■ **Task description**: Write out exactly the lines that run from the one containing "Mephisto Womens Madison" to the end of the entries below, with both end lines included.

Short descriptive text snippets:
------------------------------------------------------------

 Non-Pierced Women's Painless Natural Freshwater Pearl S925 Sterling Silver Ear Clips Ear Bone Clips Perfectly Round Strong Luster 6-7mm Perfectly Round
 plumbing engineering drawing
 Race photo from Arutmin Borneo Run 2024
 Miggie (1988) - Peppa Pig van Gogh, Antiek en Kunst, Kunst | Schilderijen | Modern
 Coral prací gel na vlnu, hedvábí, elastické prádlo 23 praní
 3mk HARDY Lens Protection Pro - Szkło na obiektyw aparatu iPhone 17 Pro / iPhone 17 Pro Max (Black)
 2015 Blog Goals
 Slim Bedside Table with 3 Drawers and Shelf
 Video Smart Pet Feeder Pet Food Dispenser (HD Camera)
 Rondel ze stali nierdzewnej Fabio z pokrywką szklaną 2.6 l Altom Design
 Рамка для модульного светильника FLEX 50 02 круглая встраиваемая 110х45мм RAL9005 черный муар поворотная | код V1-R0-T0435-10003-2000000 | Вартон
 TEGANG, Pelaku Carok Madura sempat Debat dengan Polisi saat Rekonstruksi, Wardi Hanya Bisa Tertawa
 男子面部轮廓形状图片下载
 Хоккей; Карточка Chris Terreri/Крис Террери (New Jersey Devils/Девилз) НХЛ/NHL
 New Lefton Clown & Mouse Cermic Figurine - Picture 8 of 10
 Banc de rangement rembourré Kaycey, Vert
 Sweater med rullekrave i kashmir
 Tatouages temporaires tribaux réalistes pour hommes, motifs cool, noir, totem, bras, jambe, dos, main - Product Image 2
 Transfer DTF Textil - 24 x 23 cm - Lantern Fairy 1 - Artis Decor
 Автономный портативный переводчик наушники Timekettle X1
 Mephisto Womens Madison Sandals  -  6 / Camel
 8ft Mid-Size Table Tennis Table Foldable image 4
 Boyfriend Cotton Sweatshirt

------------------------------------------------------------

■ **Reply to the task**:
 Mephisto Womens Madison Sandals  -  6 / Camel
 8ft Mid-Size Table Tennis Table Foldable image 4
 Boyfriend Cotton Sweatshirt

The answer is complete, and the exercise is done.